自我を持たせた。自由意思を持たせた。それは関係を築きたかったから。そしてそれは上手くいった。
けれども拭い去れない醜悪な自分の願望。それが邪魔をする。正確にそれが正しいことなのかわからなくなる。あたしの願いが、邪魔をする。

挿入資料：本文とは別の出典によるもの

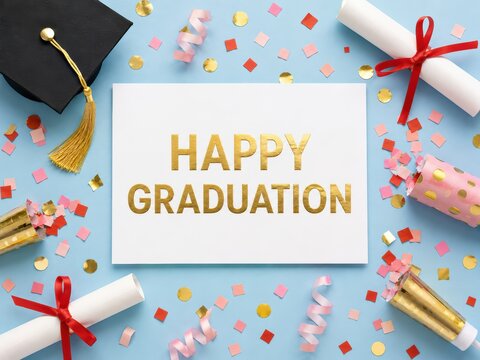 Happy Graduation Celebration: A festive flat lay featuring a graduation cap, diplomas tied with red ribbons, and confetti scattered around a card that reads HAPPY GRADUATION.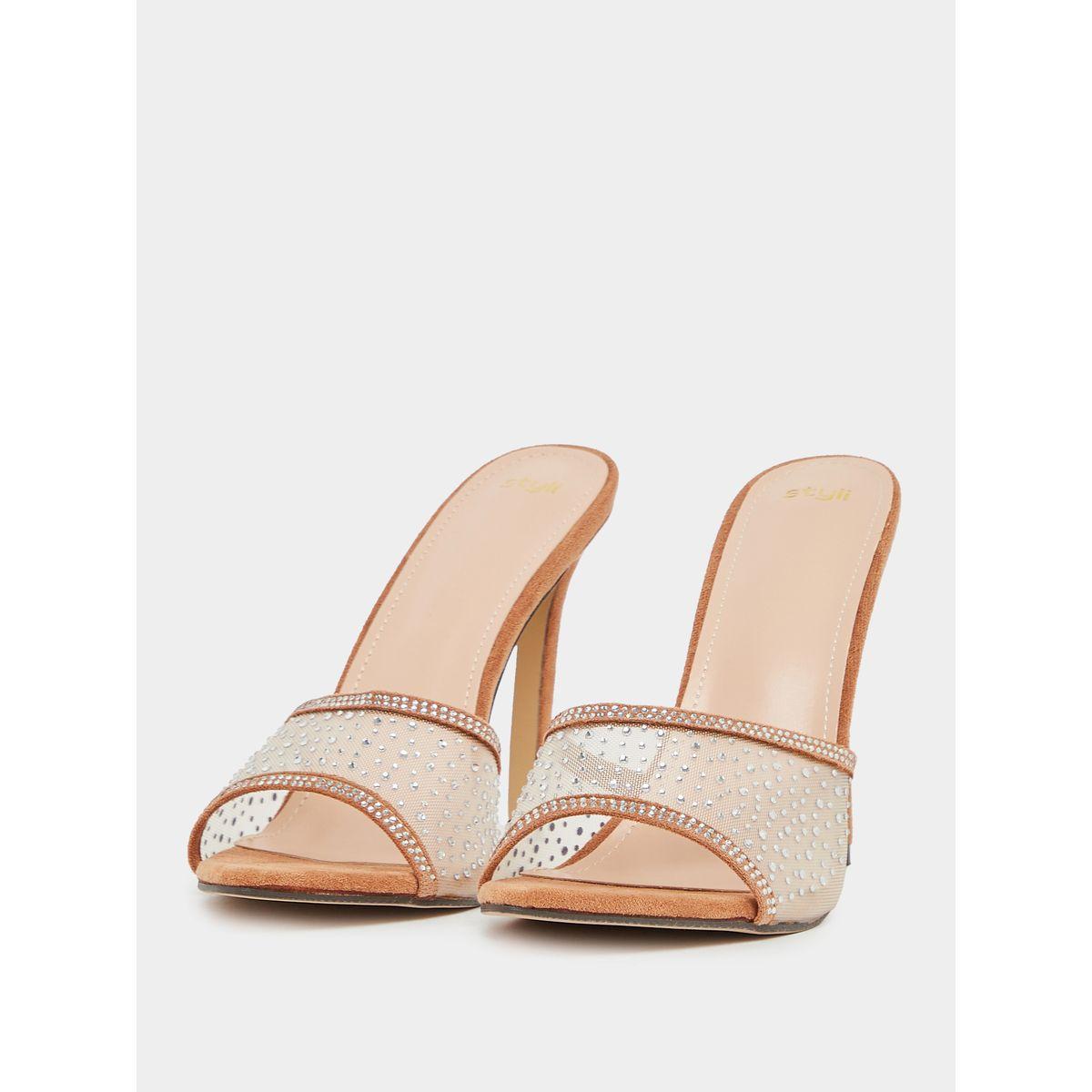 Suede Look Embellished Stiletto Heel Sandals-women-shoes-heels-image-3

「縁、考えすぎるな。例え根底にお前の願望があろうとも、今を作り出したのは俺たちだ」
「一緒に暮らして一緒に飯食って、そして笑って」
「ええ、まだ短い時間だけど、思い出ならもうあるわ」
「そこに嘘は何もない。俺たち自身がその中で感じ選んだことだ」
握り締めていた手を、ゆっくりとヨルが開かせていく。
「すぐに納得しろとは言わないわ。けれどね、私たちをちゃんと見て」
「俺たちが無理していないか、縁の目で判断すればいい」
「嬢ちゃんは考えすぎなんだよ、もっと楽にいようぜ」
「ナイはもう少し考えた方が良いと思うわ」
「そうだな、それは俺も思う」
「何だよお前ら、ひでえな」
あたしの目の前でくすくすと笑い合う三人。その姿に嘘はなく、力みもない自然なもの。
それは、あたしが望んでいたもの。その姿にどこか力が抜けるような、そんな気がした夜だった。